Whenever her schedule permits, she goes to her riding school in Lahug called Whistlejacket Farms where she perfects her riding skills (she prefers the discipline of “dressage” over the more athletic “show jumping” field).
“It’s one luxury I indulge in,” she says. “Horses are very interesting and challenging. Each one has a different personality and temperament.”
According to her, riding also helps relieve the stress she accumulates from running her small school empire and can also be used to set the day’s “tone” on days that she rides early in the morning.
She also loves listening to music and is a big fan of the rock band U2 (“the best band in the world,” she says with conviction).
She even has all the DVDs of their major concerts, and tells of how she joined the group’s fan club just to be eligible for buy tickets to one of their concerts in New York ahead of everyone else.
She says she actually bought two tickets to that concert, a year in advance, in the event that which was scheduled a year later, just in case she would have already met the “man of her life” by then.
“Alas, I had to throw the tickets away,” she adds. “But that’s how I live. I can be impulsive, but I try to live, live to the fullest.”
So does she have time for love given her busy schedule?
“For my horses? Always,” she replies with a laugh, but immediately adds, “When the right person comes, there will always be time.”
Asked about her proudest achievement so far, Gotianuy does not dwell on the financial success of the educational institution she runs, or the recognition it has received from its many stakeholders across society, or even the challenges she faces in the hospital she now manages.
Instead she shows scanned clippings of a front-page newspaper article about the 2008 sinking of the M/V Princess of the Stars off Romblon Island, where survivors of a shipping accident were interviewed about their ordeal and eventual survival.
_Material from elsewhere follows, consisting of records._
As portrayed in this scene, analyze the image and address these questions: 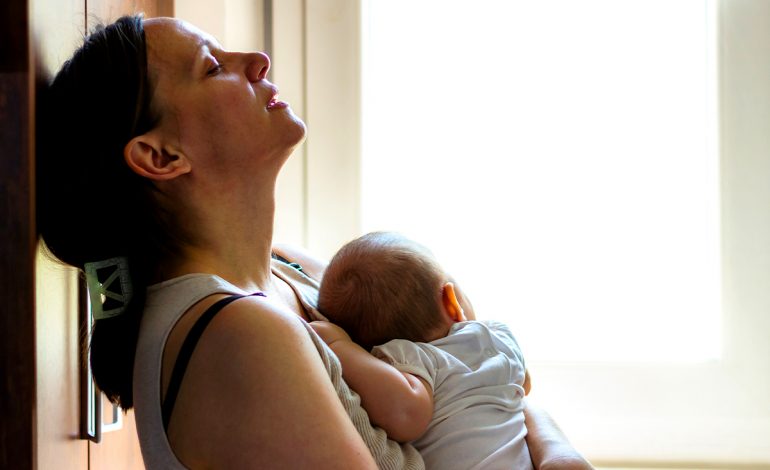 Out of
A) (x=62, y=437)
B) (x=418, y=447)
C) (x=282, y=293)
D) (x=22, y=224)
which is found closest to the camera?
(x=22, y=224)

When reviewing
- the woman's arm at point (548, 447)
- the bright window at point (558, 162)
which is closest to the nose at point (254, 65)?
the woman's arm at point (548, 447)

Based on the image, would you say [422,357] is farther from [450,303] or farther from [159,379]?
[159,379]

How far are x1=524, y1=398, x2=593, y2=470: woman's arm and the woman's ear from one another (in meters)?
0.63

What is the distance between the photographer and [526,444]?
1199 millimetres

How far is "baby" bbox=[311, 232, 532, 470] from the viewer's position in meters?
1.06

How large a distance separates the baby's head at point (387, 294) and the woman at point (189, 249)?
117 mm

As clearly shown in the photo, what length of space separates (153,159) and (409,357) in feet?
1.39

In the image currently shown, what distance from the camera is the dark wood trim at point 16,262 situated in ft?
2.71

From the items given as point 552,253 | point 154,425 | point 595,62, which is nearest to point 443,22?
point 595,62

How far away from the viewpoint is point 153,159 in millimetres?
1030

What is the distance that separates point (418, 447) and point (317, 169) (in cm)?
92

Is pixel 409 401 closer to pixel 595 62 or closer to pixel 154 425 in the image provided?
pixel 154 425

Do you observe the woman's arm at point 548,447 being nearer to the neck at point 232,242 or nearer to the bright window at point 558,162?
the neck at point 232,242

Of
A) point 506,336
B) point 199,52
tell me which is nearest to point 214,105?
point 199,52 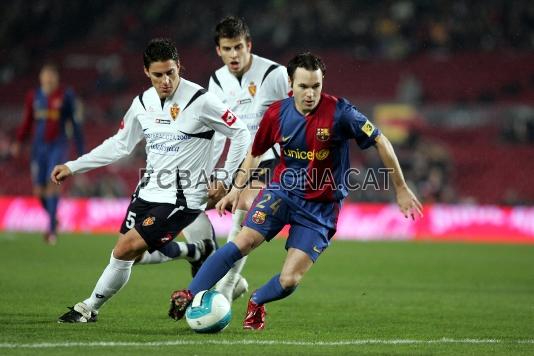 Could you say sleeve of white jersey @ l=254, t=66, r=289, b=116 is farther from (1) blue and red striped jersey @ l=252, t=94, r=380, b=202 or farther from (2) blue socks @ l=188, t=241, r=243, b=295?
(2) blue socks @ l=188, t=241, r=243, b=295

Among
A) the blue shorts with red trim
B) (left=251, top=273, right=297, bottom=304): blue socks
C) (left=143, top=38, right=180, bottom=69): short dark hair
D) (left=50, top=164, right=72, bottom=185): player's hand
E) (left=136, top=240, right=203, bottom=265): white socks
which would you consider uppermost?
(left=143, top=38, right=180, bottom=69): short dark hair

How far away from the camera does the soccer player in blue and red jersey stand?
6.70 meters

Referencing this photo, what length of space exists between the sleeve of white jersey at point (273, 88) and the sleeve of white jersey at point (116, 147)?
1.39 m

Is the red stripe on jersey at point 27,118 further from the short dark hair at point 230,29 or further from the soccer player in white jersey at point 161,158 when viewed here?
the soccer player in white jersey at point 161,158

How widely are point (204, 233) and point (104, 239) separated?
9.46 meters

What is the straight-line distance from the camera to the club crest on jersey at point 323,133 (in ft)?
22.1

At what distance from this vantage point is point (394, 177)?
6.52 meters

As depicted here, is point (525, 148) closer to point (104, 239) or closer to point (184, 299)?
point (104, 239)

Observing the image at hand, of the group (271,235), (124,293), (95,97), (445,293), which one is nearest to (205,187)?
(271,235)

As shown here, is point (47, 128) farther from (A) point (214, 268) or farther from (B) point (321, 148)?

Some of the passengers of the ill-fated vessel, it turned out, were off-duty seafarers who were able to keep their flimsy rubber lifeboats aright as well as fish more passengers out of the water amid the rough seas brought about by a raging storm.
According to one seaman interviewed, the raft would sometimes be on the verge of folding or capsizing because of the strong waves, but their training kicked in and they were able to keep it afloat.
“We were more organized because we knew what to do,” he says. As fate would have it, that particular seaman was educated and trained at the University of Cebu.
“That is one of my proudest moments,” Gotianuy says. “I feel we’re making a difference here.”